Taking centre stage for this session was Professor Tang Hang Wu, Director of the Centre for Cross-Border Commercial Law In Asia at the School of Law, Singapore Management University. Hang Wu has published widely and his work has been relied on by all levels of the Singapore courts, the Federal Court of Malaysia, the Royal Court of Jersey, the Caribbean Court of Appeal, law reform committees in the Commonwealth, major textbooks and law journals.
Joining Professor Hang on stage to moderate this session was prominent Malaysian lawyer, Lim Chee Wee. Professor Hang who has built a reputation of being a leading expert in the area of unjust enrichment and equity; began proceedings for the evening by sharing with the audience, ‘The Main Drivers to Settling A Trust’. Illustrations given included; ‘Confidentiality’, ‘Divorce’, ‘Flexibility’, ‘Asset Protection’, ‘Succession Planning’, ‘Forced Heirship’, and ‘Minimisation of Tax’.
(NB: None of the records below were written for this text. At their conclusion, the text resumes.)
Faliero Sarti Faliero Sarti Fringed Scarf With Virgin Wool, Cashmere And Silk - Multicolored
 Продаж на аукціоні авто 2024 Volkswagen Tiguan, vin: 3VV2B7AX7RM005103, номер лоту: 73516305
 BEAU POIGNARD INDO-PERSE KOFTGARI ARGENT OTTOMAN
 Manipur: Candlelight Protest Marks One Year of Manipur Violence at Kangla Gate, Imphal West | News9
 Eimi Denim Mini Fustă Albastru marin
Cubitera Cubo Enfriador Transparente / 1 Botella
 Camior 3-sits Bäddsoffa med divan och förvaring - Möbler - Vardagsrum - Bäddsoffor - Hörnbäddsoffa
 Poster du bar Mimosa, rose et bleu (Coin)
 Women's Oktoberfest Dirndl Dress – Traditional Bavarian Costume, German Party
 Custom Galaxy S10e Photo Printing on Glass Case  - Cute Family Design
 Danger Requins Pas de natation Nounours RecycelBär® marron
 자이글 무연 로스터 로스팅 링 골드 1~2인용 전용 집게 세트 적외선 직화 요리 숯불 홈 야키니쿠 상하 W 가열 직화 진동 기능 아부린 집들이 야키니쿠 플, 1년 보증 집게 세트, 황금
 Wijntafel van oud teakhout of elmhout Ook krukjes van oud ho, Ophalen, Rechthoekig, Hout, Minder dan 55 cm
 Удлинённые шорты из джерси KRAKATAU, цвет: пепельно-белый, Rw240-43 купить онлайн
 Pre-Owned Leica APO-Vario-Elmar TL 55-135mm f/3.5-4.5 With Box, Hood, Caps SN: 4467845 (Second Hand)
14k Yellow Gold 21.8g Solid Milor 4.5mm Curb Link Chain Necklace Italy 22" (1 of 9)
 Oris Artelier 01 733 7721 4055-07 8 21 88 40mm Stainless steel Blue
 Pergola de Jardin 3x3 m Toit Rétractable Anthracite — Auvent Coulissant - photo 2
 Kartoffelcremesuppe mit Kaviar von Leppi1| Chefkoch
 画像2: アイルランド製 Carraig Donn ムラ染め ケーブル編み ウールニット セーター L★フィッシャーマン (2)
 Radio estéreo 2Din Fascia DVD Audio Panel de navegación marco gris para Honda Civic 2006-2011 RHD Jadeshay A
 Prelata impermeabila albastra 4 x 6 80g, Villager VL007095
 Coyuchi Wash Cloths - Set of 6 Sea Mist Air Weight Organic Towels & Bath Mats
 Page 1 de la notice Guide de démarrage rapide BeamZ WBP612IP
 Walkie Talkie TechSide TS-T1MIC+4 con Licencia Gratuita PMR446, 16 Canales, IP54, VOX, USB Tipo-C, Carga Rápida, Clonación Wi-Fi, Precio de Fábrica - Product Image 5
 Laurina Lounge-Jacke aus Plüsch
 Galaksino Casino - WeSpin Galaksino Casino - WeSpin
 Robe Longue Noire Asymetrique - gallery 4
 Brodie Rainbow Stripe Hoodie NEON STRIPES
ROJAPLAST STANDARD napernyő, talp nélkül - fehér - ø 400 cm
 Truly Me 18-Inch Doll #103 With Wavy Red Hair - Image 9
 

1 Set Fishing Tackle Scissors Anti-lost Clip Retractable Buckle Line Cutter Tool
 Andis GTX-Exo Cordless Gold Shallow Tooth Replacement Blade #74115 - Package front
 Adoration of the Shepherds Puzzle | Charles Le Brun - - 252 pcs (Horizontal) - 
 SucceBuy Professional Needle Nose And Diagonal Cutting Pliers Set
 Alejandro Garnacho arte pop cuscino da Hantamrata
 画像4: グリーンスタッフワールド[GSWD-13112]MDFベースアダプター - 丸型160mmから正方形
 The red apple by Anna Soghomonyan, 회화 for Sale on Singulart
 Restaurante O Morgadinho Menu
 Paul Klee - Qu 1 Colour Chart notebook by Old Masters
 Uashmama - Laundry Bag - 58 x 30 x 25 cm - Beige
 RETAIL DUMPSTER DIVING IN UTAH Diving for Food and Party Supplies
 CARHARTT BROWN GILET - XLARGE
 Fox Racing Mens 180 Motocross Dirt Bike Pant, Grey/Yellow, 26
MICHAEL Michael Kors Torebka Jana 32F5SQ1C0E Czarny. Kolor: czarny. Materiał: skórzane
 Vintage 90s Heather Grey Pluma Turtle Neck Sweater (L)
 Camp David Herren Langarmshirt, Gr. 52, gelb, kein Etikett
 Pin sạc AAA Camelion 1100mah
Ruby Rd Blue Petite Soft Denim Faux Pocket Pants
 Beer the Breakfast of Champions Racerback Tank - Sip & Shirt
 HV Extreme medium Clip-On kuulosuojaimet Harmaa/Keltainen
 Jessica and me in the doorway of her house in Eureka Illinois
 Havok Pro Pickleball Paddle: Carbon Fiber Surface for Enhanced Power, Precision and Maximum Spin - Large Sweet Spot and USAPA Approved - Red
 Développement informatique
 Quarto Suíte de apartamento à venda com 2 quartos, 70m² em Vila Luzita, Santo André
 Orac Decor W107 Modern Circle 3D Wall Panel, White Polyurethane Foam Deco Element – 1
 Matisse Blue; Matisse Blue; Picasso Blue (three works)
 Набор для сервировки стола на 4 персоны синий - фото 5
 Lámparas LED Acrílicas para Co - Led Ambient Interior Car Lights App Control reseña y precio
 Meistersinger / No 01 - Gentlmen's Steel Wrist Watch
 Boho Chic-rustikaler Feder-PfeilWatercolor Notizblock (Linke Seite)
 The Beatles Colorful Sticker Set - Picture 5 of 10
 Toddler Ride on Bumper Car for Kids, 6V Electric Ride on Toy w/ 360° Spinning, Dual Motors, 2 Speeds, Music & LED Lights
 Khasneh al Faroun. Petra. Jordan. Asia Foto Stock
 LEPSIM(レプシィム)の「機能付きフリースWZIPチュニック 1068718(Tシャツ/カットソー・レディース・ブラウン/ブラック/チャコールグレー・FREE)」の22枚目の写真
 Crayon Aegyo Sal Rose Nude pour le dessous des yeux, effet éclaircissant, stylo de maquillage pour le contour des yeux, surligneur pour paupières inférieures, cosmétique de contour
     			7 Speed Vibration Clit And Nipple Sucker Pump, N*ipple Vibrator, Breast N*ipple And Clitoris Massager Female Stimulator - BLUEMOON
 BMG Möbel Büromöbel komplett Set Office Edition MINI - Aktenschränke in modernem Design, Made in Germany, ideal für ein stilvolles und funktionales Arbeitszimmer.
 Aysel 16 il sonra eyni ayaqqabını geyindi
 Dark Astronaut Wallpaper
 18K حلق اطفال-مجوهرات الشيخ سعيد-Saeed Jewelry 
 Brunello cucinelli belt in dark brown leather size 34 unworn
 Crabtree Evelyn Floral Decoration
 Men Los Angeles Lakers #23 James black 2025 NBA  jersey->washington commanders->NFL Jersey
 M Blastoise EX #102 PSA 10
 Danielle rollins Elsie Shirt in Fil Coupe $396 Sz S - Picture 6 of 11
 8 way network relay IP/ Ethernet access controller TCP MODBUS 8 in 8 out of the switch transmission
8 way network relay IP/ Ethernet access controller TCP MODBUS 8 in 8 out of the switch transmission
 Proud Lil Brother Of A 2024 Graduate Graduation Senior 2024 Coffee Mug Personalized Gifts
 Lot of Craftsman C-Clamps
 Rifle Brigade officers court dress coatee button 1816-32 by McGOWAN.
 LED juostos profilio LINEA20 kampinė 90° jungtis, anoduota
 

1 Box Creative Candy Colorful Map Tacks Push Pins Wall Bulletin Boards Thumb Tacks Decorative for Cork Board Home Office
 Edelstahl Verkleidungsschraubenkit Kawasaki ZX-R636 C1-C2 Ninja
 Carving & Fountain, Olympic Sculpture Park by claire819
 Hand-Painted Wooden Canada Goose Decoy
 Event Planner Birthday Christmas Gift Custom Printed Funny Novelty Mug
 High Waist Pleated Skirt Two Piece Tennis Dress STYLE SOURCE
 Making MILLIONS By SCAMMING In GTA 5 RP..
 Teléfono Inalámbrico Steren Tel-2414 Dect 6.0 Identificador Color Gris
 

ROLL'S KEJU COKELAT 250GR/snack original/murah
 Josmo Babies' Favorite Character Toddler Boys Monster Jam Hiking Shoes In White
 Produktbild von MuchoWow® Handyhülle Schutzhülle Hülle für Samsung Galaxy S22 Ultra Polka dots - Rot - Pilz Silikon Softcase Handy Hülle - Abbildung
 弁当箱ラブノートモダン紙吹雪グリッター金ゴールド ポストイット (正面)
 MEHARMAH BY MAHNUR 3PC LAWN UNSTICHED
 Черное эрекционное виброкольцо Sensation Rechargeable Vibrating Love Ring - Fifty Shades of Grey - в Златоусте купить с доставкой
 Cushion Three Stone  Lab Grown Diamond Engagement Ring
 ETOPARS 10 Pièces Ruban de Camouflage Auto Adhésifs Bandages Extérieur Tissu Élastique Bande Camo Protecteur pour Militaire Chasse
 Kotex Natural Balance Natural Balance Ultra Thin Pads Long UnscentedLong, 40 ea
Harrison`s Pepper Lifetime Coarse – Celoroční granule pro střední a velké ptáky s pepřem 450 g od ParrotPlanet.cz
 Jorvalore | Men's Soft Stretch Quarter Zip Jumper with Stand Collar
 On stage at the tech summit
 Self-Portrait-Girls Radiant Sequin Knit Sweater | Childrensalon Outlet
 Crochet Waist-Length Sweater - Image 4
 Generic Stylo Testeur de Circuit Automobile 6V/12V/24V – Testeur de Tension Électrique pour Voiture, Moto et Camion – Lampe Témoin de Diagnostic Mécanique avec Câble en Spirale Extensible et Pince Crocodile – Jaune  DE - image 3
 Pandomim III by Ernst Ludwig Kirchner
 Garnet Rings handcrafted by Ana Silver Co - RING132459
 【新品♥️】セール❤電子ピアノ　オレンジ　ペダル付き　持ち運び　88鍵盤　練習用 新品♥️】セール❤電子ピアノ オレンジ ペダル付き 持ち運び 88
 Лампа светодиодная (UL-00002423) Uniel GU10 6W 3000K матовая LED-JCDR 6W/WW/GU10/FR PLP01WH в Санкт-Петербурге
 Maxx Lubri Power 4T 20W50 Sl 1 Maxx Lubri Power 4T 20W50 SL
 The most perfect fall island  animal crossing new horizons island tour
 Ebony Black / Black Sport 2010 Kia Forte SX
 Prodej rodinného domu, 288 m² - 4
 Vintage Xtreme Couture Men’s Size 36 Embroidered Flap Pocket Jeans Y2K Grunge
Numerous attendees with minimal prior exposure to the fixed trust scene were not left behind as Professor Hang took a few minutes off to define and explain the relationships between a settlor, trustee and beneficiary. Additional terms such as; ‘ discretionary trust’, ‘power to veto’ and ‘discretion to choose’ were also touched upon. Professor Hang then briefly dwelled onto the topic – ‘Offshore Companies and Trust’, before presenting the audience with a noteworthy international case study on family dispute. Professor Hang continued to interact with the audience as he dissected the case. A Malaysian family dispute case was then projected on screen as a comparison with regards to the slightly different approaches taken across the globe.
Professor Hang’s articulate and in-depth understanding of the matter at hand continued to captivate the crowd’s attention, as he followed through by touching on the potential issues plaguing the arbitration of trusts. The speaker then shared with the audience several potential solutions that could be taken to address the issues faced, before suggesting ‘The Bahamas Solution: Trustee (Amendment Act) 2011’ – as an example of a comprehensive solution mechanism that could be used.
Professor Hang concluded his final slide by sparking a discussion; whether Malaysia should consider changing its laws to allow for arbitration of trust disputes to strengthen Malaysia’s standing as a major Asian wealth management centre. With numerous local trust law experts in the audience beginning to express and share their specialised views and opinions – Lim Chee Wee stepped in to moderate the remaining half and hour of the evening’s session before calling it to a highly satisfactory close.